Computer ScienceGeneral

Data Mining


Database applications in Scientific, Business and other areas are on the increase with the advances in Information Technology. The largest business database in the world is with Walmart which can handle over 20 million transactions each day. Another such huge database in oil exploration is employed by Mobil Oil Corporation to store more than 100 terabytes of data. Further, NASA earth observing system of orbiting satellites and other spaceborne instruments are generating 50 gigabytes of remotely sensed image data per hour. It is observed that the amount of information in the world doubles every 20 months and hence the size and number of databases are increasing faster. Data Base Management System (DBMS) provides access to the stored data but this is a small part of what could be achieved from the data. The On-Line Transaction Process (OLTP) is good for placing the data into databases quickly, but not good in providing. meaningful analysis. The knowledge provided by data analysis is a step ahead of information of data base. Thus it is imperative to know how to extract knowledge from stored data thus providing a basis for data mining or knowledge discovery in the data base. Knowledge discovery in databases (KDD) or data mining can be defined as the non-trivial extraction of implicit, previously unknown and potentially useful information from the data. The steps in KDD process are: data selection, preprocessing, transformation, data mining, and interpretation/evaluation of the results as shown in Figure 1.1.

Steps of KDD Process

Data mining is a high-level technique used to present and analyze the data for decision-makers. Enormous wealth of information is embedded in huge databases belonging to enterprises thus providing interest in areas of knowledge discovery and data mining. KDD refers to the overall process of discovering useful knowledge from data while data mining refers to the application of algorithms for extracting patterns from data without the additional steps of the KDD process [30]. As data mining is the central part of the KDD process, the term data mining and the term knowledge discovery in databases have been used interchangeably by many researchers.
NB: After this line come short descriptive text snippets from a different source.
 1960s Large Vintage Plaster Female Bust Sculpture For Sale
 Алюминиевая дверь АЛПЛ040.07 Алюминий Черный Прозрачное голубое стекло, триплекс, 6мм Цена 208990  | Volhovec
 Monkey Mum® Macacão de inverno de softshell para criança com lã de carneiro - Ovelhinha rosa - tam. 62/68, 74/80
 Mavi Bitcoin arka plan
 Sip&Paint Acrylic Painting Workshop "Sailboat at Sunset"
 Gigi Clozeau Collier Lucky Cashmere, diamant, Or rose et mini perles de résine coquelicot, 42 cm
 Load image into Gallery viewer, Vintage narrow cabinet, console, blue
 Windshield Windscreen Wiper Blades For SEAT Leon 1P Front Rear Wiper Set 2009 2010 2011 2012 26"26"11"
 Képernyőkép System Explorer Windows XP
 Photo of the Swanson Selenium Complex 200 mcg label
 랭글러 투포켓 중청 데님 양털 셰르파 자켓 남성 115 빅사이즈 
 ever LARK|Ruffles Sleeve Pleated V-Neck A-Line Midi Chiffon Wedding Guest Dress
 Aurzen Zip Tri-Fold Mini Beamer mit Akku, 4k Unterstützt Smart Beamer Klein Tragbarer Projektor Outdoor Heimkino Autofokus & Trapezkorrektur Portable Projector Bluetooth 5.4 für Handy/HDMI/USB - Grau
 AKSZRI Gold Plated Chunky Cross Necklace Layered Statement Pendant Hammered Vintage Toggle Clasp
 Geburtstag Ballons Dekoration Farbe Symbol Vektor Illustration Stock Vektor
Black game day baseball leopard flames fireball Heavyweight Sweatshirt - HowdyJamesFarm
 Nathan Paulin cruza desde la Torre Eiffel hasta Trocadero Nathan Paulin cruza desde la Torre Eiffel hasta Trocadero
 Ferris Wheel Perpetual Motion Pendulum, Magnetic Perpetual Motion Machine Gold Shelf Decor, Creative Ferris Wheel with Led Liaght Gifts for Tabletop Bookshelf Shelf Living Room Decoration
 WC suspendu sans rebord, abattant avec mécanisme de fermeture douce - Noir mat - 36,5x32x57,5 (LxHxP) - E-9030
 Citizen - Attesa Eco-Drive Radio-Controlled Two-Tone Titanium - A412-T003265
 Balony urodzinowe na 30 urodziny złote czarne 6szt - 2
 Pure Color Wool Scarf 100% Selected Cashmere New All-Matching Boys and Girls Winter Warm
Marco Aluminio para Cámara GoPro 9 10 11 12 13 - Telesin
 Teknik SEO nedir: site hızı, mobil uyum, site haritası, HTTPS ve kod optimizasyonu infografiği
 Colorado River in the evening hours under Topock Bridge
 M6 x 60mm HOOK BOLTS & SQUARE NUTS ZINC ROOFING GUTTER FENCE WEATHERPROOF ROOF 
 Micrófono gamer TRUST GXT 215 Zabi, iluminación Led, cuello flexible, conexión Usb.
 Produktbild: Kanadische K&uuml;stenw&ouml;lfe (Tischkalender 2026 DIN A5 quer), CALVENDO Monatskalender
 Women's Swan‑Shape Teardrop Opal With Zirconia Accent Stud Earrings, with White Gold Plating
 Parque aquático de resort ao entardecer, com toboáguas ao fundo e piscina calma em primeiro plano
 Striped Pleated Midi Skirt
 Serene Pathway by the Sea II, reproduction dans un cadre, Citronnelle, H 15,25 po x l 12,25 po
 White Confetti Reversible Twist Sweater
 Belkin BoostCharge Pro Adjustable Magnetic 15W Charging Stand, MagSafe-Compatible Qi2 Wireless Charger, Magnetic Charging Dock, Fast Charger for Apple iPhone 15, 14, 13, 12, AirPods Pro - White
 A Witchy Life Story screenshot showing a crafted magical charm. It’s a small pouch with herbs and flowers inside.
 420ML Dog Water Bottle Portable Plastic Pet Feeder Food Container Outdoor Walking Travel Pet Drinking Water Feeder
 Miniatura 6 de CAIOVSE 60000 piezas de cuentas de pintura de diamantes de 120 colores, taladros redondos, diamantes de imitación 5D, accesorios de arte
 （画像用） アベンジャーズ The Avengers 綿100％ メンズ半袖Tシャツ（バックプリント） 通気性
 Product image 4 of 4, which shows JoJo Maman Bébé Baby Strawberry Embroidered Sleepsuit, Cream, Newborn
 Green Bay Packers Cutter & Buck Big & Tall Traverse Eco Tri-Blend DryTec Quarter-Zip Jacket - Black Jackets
1.1 Foundations of data mining:

Data mining techniques are the result of a long process of research and product development. This evolution began when business data was first stored on computers, continued with improvements in data access, and more recently, generated technologies that allow users to navigate through their data in real time. Data mining takes this evolutionary process beyond retrospective data access and navigation to prospective and proactive information delivery. Data mining is ready for application in the business because it is supported by three technologies that are now sufficiently mature: They are massive data collection, powerful multiprocessor computers, and data mining algorithms.

Commercial databases are growing at unprecedented rates. A META Group survey of data warehouse projects found that 19% of respondents are beyond the 50-gigabyte level, while 59% expect to be there by the second quarter of 1996. In some industries, such as retail, these numbers can be much larger. In the evolution from business data to business information, a new step has built upon the previous one. From the user’s point of view, the four steps listed in Table-1.1 are revolutionary because they allow new business questions to be answered accurately and quickly.

Steps of evaluation of data mining

1.2 Data mining tasks:

The most common types of data mining tasks based on the kind of knowledge are listed below.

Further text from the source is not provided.